Dad kept the wherry at the club’s shellhouse and for special occasions the wherry would be carried to the dock and left in the water for a few days to give the seams of the lapstrake hull time to take up. I rowed the wherry on two of those special occasions, both in the months that followed my father’s passing in 2013. The first was a loop of Lake Union, rowing as a memorial to him with a fleet of club boats and rowers. The following May, the wherry was one of the three boats at the head of a parade for the opening of Seattle’s boating season; I rowed beneath a fluttering blue banner bearing Dad’s name. Since then, I’ve taken the boat out of storage a few times and rowed it in the protected waters of the ship canal next to the club.
As my father did, I consider the wherry a boat to be rowed, not a relic. I think Mr. Cooper and his sons would be pleased that their work has survived for 130 years and the wherry is not idle in some museum, but still in use and rowed by someone who appreciates their craftsmanship and knows how sweetly it moves through the water.

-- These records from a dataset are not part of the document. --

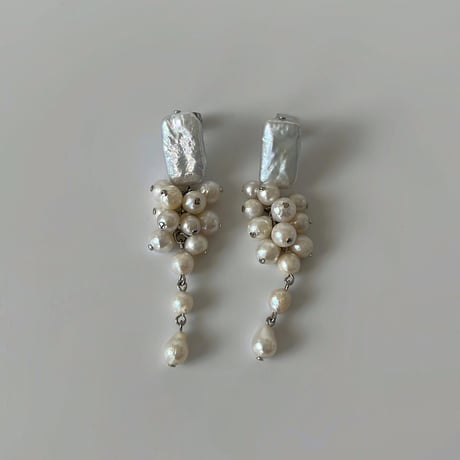 sway pearl pierce / earring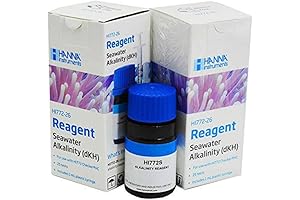 Hanna Magnesium Checker HI772-26 REAGENTS for Saltwater Aquarium Alkalinity Colorimeter Checker Tester...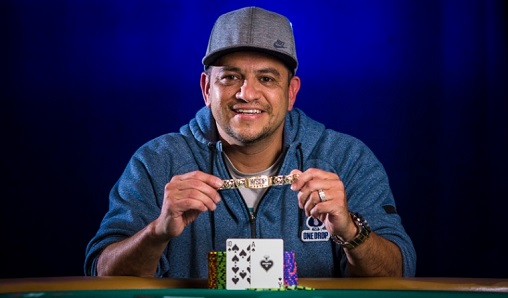 Adrian Moreno Wins WSOP2017 The Little One for One Drop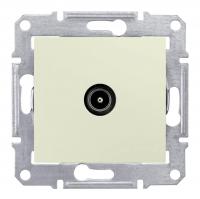 Розетка TV оконечная Schneider Electric Sedna 1dB SDN3201647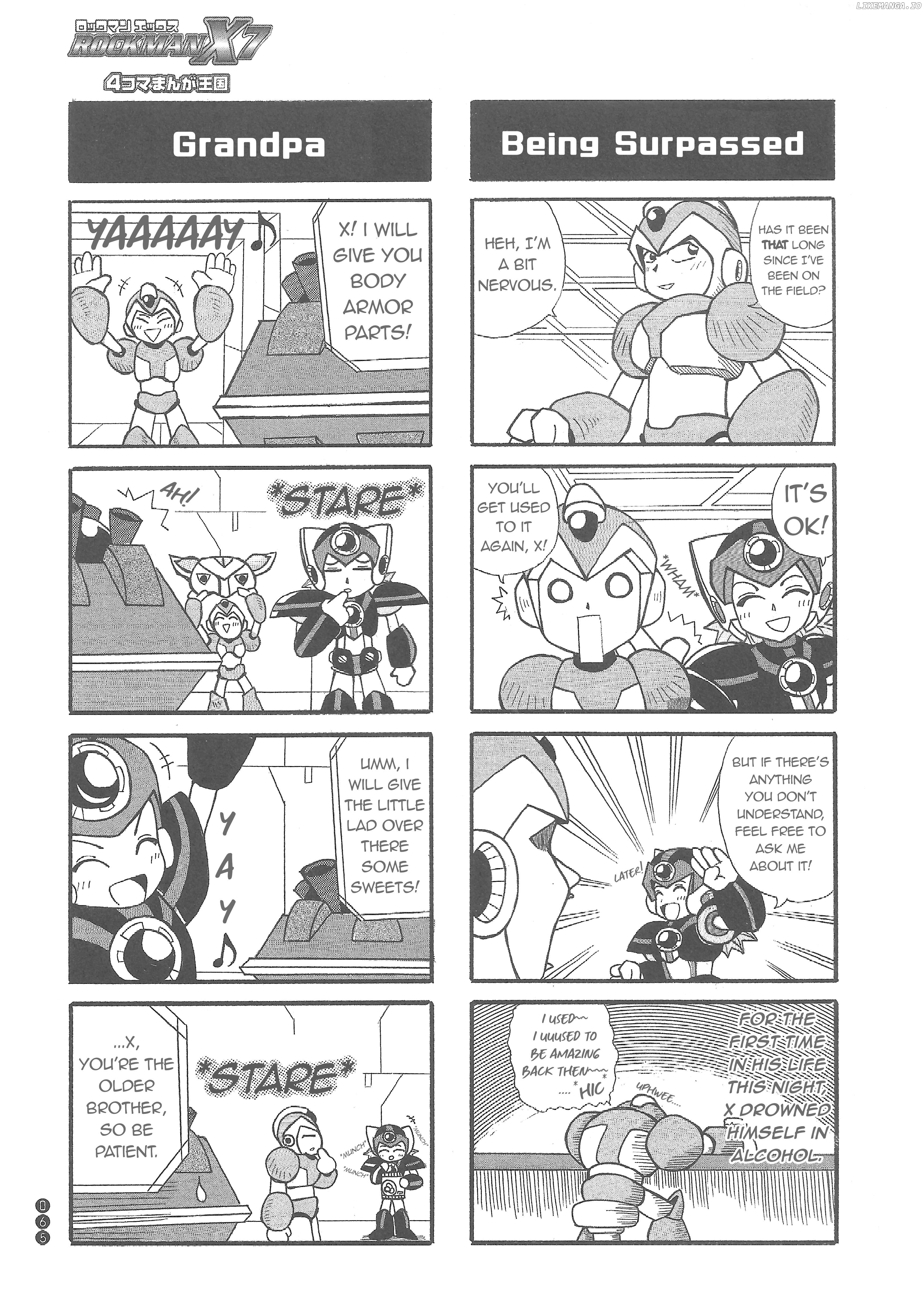 Mega Man X7: 4Koma Manga Kingdom Chapter 8 - page 6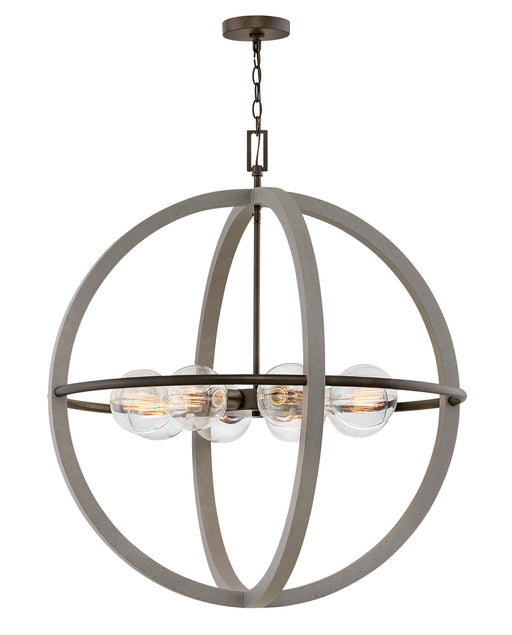 Myhouse Lighting Hinkley - 3428DC - LED Chandelier - Bodie - Dark Cement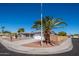 Lovely curb appeal, featuring desert landscaping, sidewalk and street at 4506 W Golden Ln, Glendale, AZ 85302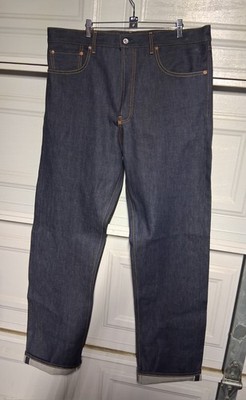 Vintage Evil Denim Jeans Blue Color Size. 40x36 Made In USA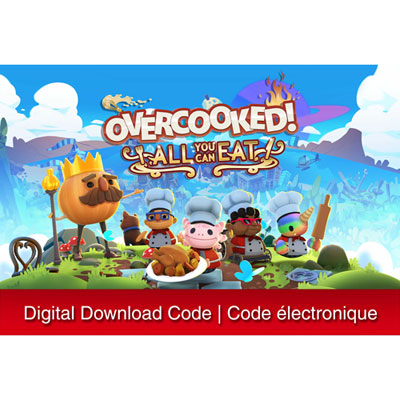 Overcooked! All You Can Eat (Switch) - Téléchargement Numérique One of the best co-op games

One hundred and thirty years is a long time for a boat to remain in service. Even the first boats I built—the gunning dory, a Marblehead skiff, and a lapstrake Whitehall—have almost a century ahead of them to match the longevity of the Shrewsbury wherry. I think my Whitehall, in particular, has a chance. It is built in much the same way as the Coopers built the wherry, with copper fastenings instead of epoxy, solid wood throughout instead of plywood, and natural crooks for knees and breasthook instead of laminates. When I built the Whitehall, I was just 30 years old and not thinking very far ahead, only doing the best work I could.
Fastened with bronze boat nails to my Whitehall’s transom is an oval of brass with my name and 1983 stamped in it. Will someone a century from now look at that plate and wonder about me as I do about T. Cooper and his sons? Will my boat also convey something about a boatbuilder whose name alone has been carried across time from forgotten generations? While I feel confident that some of the boats I’ve made will outlast me, I’d like to think that a few will survive well beyond that and some of my work will remain after my inevitable erasure from memory.
The Coopers remind me to do good work that lasts. It may be the balm to soothe the sting of mortality.
I had an almost identical skiff. My understanding is that they were designed as pleasure craft for people to rent by the hour. These were usually on boating lakes so that those who could not row were not swept away. Every man then knew that the only form of propulsion was by oar and everyone who hired a boat sort of knew what to do. The fancy seat was so that the girlfriend could go out with you and steer. Hence the rudder lines worn slots. If sand got onto the rudder lines, these would have acted as a kind of saw. (This apparently is the way the Venetians cut stone in the 14th century.) The key to boating was to get away from the omnipresent eye of the chaperone whose job it was that a young woman did not get herself into trouble!
I had the pleasure of rowing my wife and her daughter down the river Nid near Harrogate, England, in a similar boat nearly 26 years ago. It was well-used and was probably quite old. It was a pleasant experience and the boat rowed easily.
The thing about longevity is how well a thing is perceived by future generations. In the case of a boat, even if it’s in rotting condition, will it stir someone enough to want to duplicate it, thus giving it a future life?